Primary userIDs – what are they?

A primary userID is the main ID that each user has in an organization. This is the one ID that they *should* have on all systems, although that is often not the case. Typically, the primary ID is the user’s network ID – that is, the ID that each person uses to log into their computer in the morning, and probably also to log into their email. Many organizations call this the LDAP ID or (for Windows-heavy shops) the Active Directory ID. Organizations that are mainframe-heavy might store their primary IDs on the mainframe.

The task at hand

On the surface, this month’s activity is simple: correlate each user’s primary ID with their name and other identity information, as this will be the basis for the identity repository going forward.
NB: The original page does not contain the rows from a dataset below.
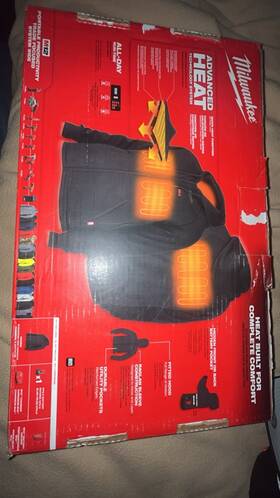 306b213x Milwaukee M12 Heated Jacket With Adapter 2.0 Battery And Charger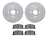 Dynamite Friction 6502-76215 Disc Brake Kit - Front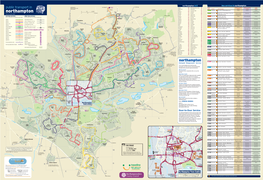 Northampton Map & Guide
Hopefully everyone’s primary ID is already stored electronically somewhere (at least in a spreadsheet) and there is some useful data already associated with each ID – like a name, an employee number, or other identifying information. If not, well, that’s where the extra-strong coffee comes in (or maybe decaf would be better?).

The task may be easy to describe, but there are three significant challenges in this cleanup process:

Challenge #1: mapping primary IDs to people

It is likely that the list of primary IDs (assuming it exists) is missing information, or has data that’s so outdated as to be useless. Worse still is a list of IDs without any information (who are bassfisher68 and jedimaster84?). Equally frustrating is the same-name problem: how many John Smiths, Trong Nguyens, and Juan Gonzalezes are in your organization… and whose name goes with which ID?

Challenge #2: are they even still here?

It is often hard to map IDs to people when the ID has persisted, but the person is long gone. Even more doubt is created when the ID belongs to someone with a common name.

Does jsmith3 belong to that contractor that was in here 2 years ago, or does it belong to the guy downstairs in accounting?

A nasty – but necessary – part of cleaning up primary IDs is identifying orphaned accounts that should no longer be active. On the upside, this is a healthy security exercise that often gets put off – after all, who wants to deal with the screaming users when the wrong IDs get disabled? But for identity management to work, this HAS to be done – no more excuses or avoidance!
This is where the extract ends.